И этот, встретившийся мне, он тоже любил себя, презирая себя, — велика была любовь его, и велико презрение.
Я еще не встречал никого, кто глубже презирал бы себя самого: и это — тоже высота. Увы, может быть, он и был тем самым высшим человеком, крик которого слышал я?
Я люблю тех, кто способен на великое презрение. Однако человек есть нечто, что должно преодолеть».
Добровольный нищий
Когда Заратустра покинул самого безобразного человека, ему стало холодно, и он почувствовал себя одиноким: ибо так много холода и одиночества пережил он в сердце своем, что и сам окоченел от холода. Но пробираясь все дальше и дальше, то вверх, то снова вниз, миновав зеленый луг и дикое каменистое русло, где когда-то пробегал нетерпеливый ручей, он вдруг почувствовал, что согрелся и на сердце у него стало теплее.
«Что со мной? — спрашивал он себя. — Меня укрепляет что-то теплое и живое, что, должно быть, находится где-то неподалеку.
Я уже не так одинок; неведомые спутники и братья витают вокруг меня, их теплое дыхание касается души моей».
Но когда он внимательно осмотрелся вокруг, отыскивая тех, кто утешил его в одиночестве, — что же! — оказалось, что это были коровы, столпившиеся на возвышении; их близость и запах, исходивший от них, согрели сердце его. Однако, судя по всему, эти коровы усердно внимали чьим-то речам и не обращали внимания на приближавшегося к ним Заратустру. А когда он подошел уже совсем близко, то ясно расслышал человеческий голос, доносившийся откуда-то из середины стада; а все коровы повернули головы в сторону говорящего.

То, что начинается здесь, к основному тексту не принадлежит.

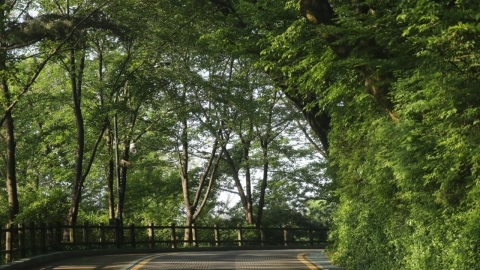 "호기심에"…서울숲 산책로에 불 지른 러시아 관광객 \'집유\'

Тогда Заратустра стремительно бросился на возвышение и разогнал животных, ибо испугался, не случилось ли тут с кем-то беды, в которой едва ли поможет сочувствие коров. Но он ошибся; перед ним на земле сидел человек и, казалось, уговаривал животных не бояться его, — миролюбивый человек и горный проповедник, из очей которого вещала сама доброта. «Чего ищешь ты здесь?» — пораженный, воскликнул Заратустра.
«Чего я здесь ищу? — отвечал тот. — Того же, что и ты, помеха радости! Я ищу счастья на земле.
Я хотел научиться ему у этих коров. Ибо, да будет тебе известно, я с раннего утра беседую с ними, и они уже готовы были дать мне ответ. Зачем же ты помешал им?
Ибо если не обратимся и не станем подобны коровам, то не войдем в царствие небесное.
[6]
Особенно же вот чему должны мы у них научиться: умению пережевывать.
И поистине, если бы даже человек приобрел весь мир и не научился бы как следует пережевывать: что пользы ему!
[7]
Он не избавился бы от печали своей,
— своей величайшей печали, что ныне зовется отвращением. У кого из ныне живущих не полны отвращением уста, и глаза, и сердца? И у тебя! У тебя тоже! Однако взгляни на этих коров!».
Так говорил горный проповедник и, наконец, обратил взор свой на Заратустру, — ибо до сих пор он с любовью взирал на коров; и его словно подменили. «Кто ты, с кем я говорю? — воскликнул он испуганно и вскочил.
— Это человек, не питающий отвращения, это — сам Заратустра, победитель величайшего отвращения, это уста, и взор, и сердце самого Заратустры».
Говоря слова эти, с глазами, полными слез, он целовал руки Заратустры, подобно человеку, которому нежданно-негаданно упало с неба сокровище или нечто ценное. А коровы смотрели и удивлялись.